Рассказ о любви

Валентин Пехтерев
               

     Рассказать Вам историю о Любви? Вы стали праздновать день Святого Валентина? Боюсь, о любви-то вы и не поймете. Для вас любовь… чистые пяточки на тонких каблучках, струящиеся вверх бритые голени, тенистая прохлада бедер… Плюс пару капель Фета или Тютчева… для самых вумных. Может быть, вместо Тютчева стакан мартини? Да, ну! А если на халяву? Нынешняя молодежь - поклонница Халявы. Вы старомодны и романтичны? Тогда слушайте.

    Было это давно, очень давно, не со мной и  не с нею и не в этой жизни. Меня часа четыре оперировали, и жить мне оставалось… Ничего не оставалось, а то, что ожидало за дверью операционной, была уже не жизнь, а сплошное слабодушие. Так казалось…

     Пришёл я в себя, разодрал слипшиеся веки и осознал, что жизнь – такая мура и насмешка, что не стоит она - ни этой слабости, ни этой боли, ни этого унижения беспомощностью…

     В общем, лежу я - куском утыканного трубками, подгнившего, до боли родного мяса - смотрю в белый потолок со ржавой затёчиной, понимаю, что умираю не в хоромах, несмотря на все мои деньги, недоумеваю, почему это случилось именно со мной и думаю, что же эти суки в белых халатах со мною сделали. Хорошо, твари, пристроились: приходишь в мир - плати им, уходишь - отстёгивай. Надо было умереть по-мужски, но деньги почти из всех делают слюнтяев.

    Короче, лежу, кляну всех и вся и слышу: «Вы уже с нами?»

- С кем это, мать-перемать, с вами?

    Но голосочек кольнул или шевельнул что-то в теле, хотя я в тот момент и не очень-то знал, где оно, моё тело и голосочек это кольнул или забытая хирургом зубочистка. Но открыл глаза и как-то сразу её не только увидел, но и унюхал, даже сквозь трубку в носу и боль в животе.

    Твою мать! И где ты раньше-то была?! Солнце моё! За какими тучами пряталась? Тут не бзднуть, не вздохнуть - и ты ещё, со своими глазками, губками и запахом. Лучшего момента в моей жизни не могла выбрать? Есть такие молоденькие, чётко обрисованные женские губки, вечно слегка припухшие, покрасневшие, словно их только что целовали взасос, на секундочку отвернулись и порх… губки улетели и эротично сели на ничего не подозревающее лицо.

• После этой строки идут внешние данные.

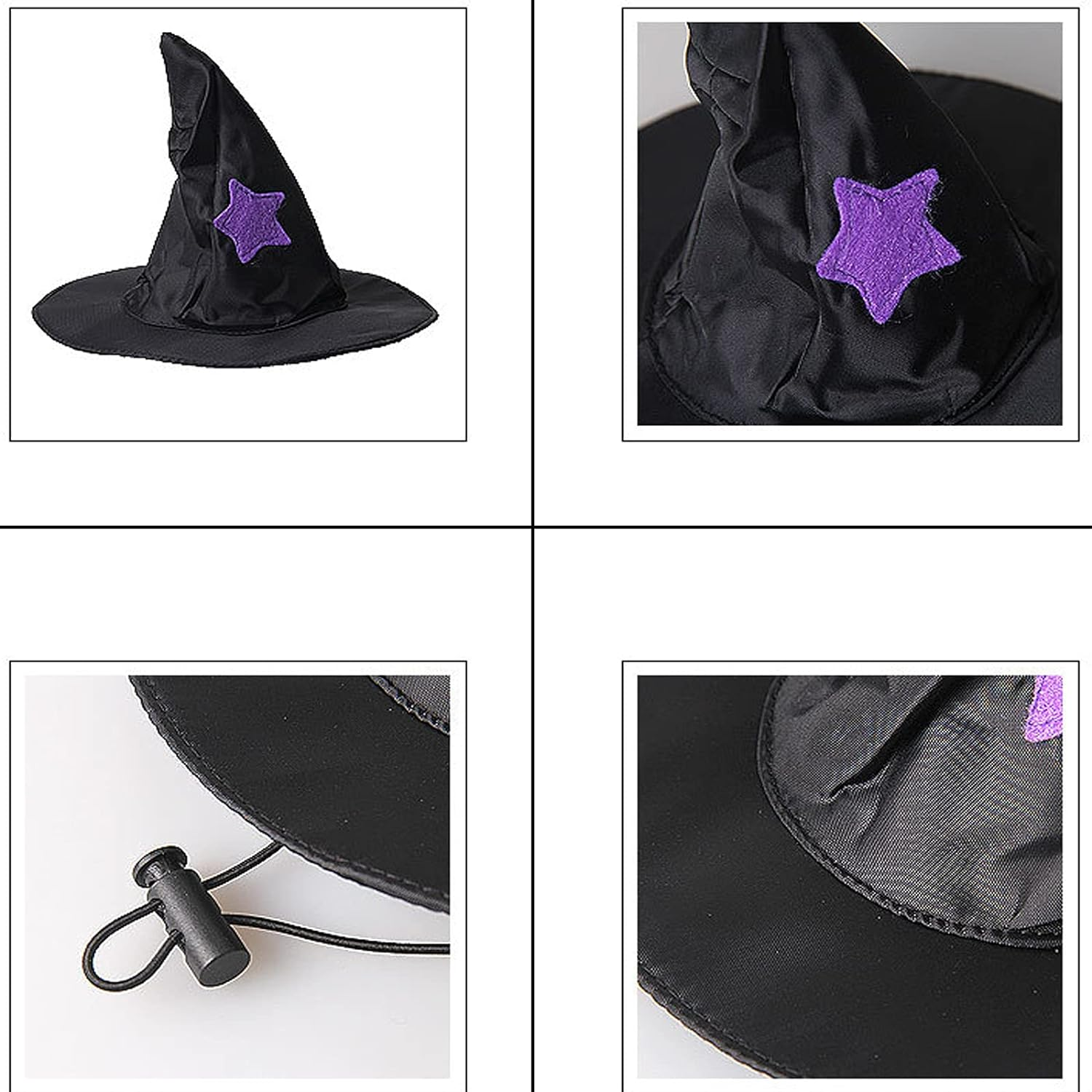 Halloween Pet Cloak Witch Hat Witch Cloak Costume for Small Dogs and Cats Halloween Clothes (L) image number 1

Смотришь на них и понимаешь, телом чувствуешь, почему их надо скрывать чадрой или бельём.

    Нагнулась она, я под халат её глянул и, если б меня не так тошнило, если б во рту у меня был язык, а не кусок шершавого, вонючего мяса, я бы по-отечески напомнил ей о необходимости носить бельё. И почему-то так мне жалко стало терять, и эти губки, и этот запах, и эту молодую свежесть и нежность кожи, почти прозрачность грудей с ещё светлыми, розовыми сосцами и даже свою возможность «напомнить о необходимости», что я почувствовал, как от уголков глаз, по щекам поползло что-то теплое, и заморгал. Она вытерла полотенцем лицо, подушку поправила, сказала, что завтра побреет меня, и у меня приятно потеплело в груди и внизу живота, а в ноздре, свободной от трубки, ещё долго-долго стоял её запах. Я его берег и старался не дышать, а нюхать. Потом терся щекой о места подушки, где она касалась рукой и, казалось, улавливал запах её ладони. Нет, думаю, рановато мне ещё, пусть останется только «необходимость напомнить», но и этого хватит.

     Потом надоедала эта скорбная вереница - жена, дети с внуками, друзья - всё облитые жиром банки с тугими крышками носили, чтоб я не скучал, чтоб было, что в унитаз сливать.  Я о ней никому не говорил. О ком? О чём? О молоденькой девочке?.. для которой я всего лишь «блатной больной»?.. и зачем она мне?.. а я ей? Ждал я её, наверное, так, как ни кого в своей жизни. Даже во сне, под промедолом прислушивался, принюхивался. От дежурства к дежурству. По шагам узнавал, по шороху, по запаху недорогих духов. Часы считал, минуты… И если б она не пришла, если б с ней что-нибудь случилось, то я и не знаю… удержало бы меня всё остальное.

     В общем, выжил я. Ходить стал. Вернулся к делам. Поблагодарил жену и детей, напоил друзей, подчинённых. После выписки, я её не видел и не пытался встретиться. За уход с ней расплатились. Я проследил. Она и за год столько не зарабатывала. А дальше? Цветы? Рестораны? Машину с шофером под её убогую больничку? Купить её, я бы, пожалуй, мог, чтоб слизать и съесть, чтоб не снилась уже. Не её, так другую, такую же, даже лучше, но… это уже другая история. Не ко Дню Влюбленных.